-------- DATA PROVIDED --------

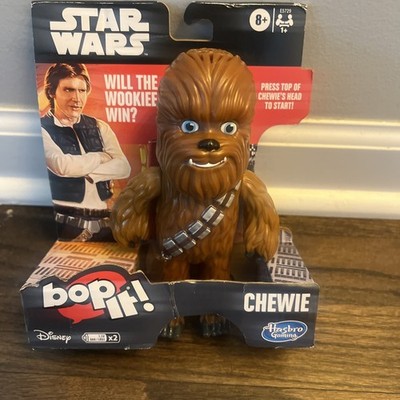 New Star Wars Chewie Bob It By Hasbro Gaming Disney Toy Figure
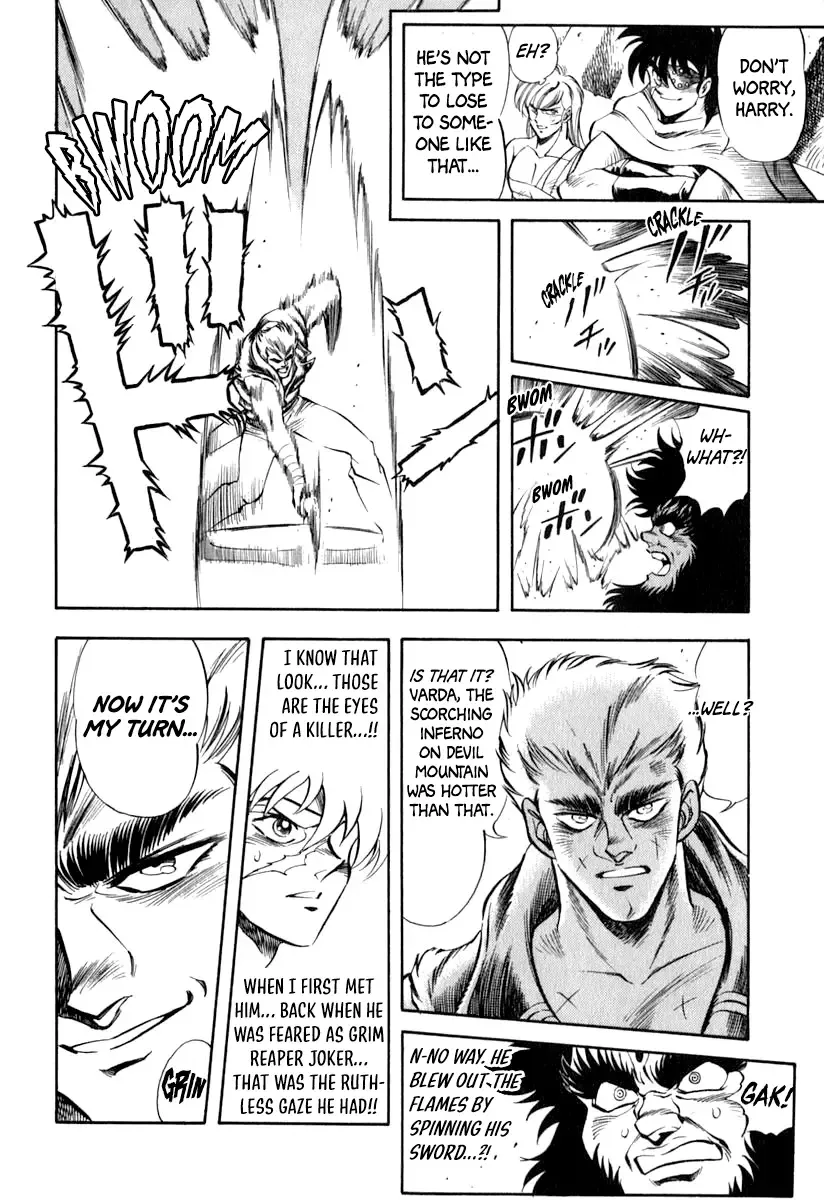 Captain Kid Chapter 29 page 22 - Mangabat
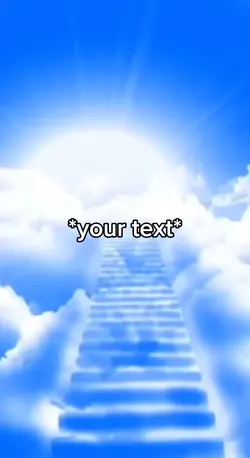 Heaven meme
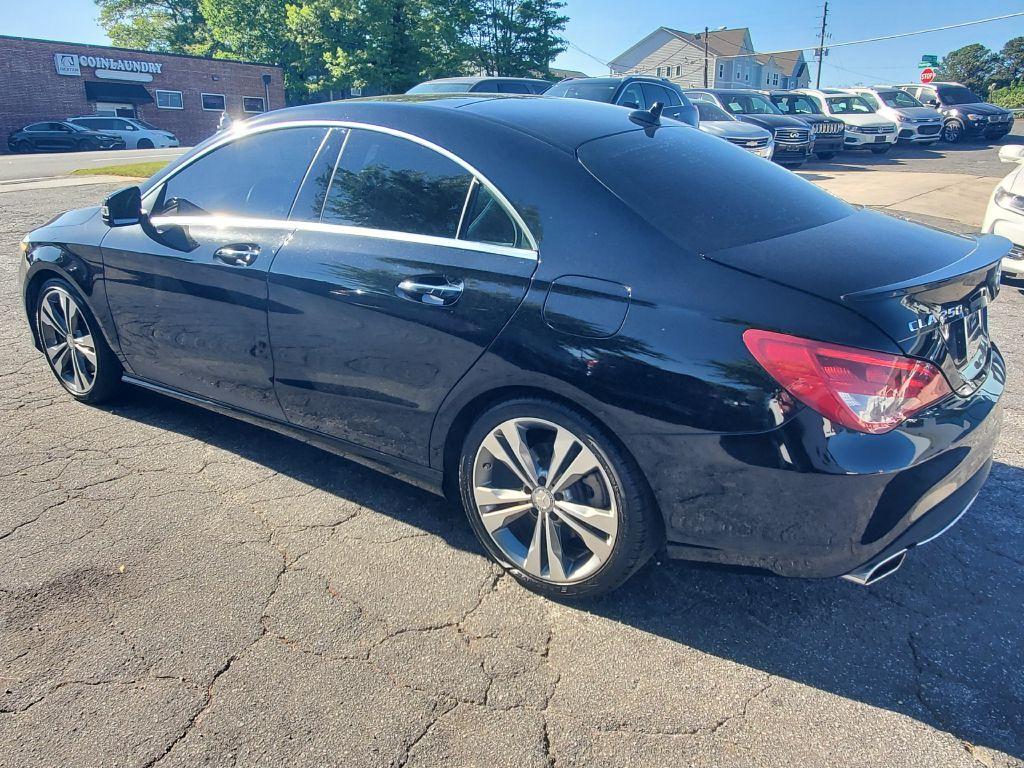 Thumbnail image of 2015 Mercedes-Benz CLA at MNK AUTO SALES LLC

--------

- [WHAT NEEDS TO BE DONE]: An exact transcription of the data above is needed, without the pictures.

- [EXPECTED ANSWER]:
 New Star Wars Chewie Bob It By Hasbro Gaming Disney Toy Figure
 Captain Kid Chapter 29 page 22 - Mangabat
 Heaven meme
 Thumbnail image of 2015 Mercedes-Benz CLA at MNK AUTO SALES LLC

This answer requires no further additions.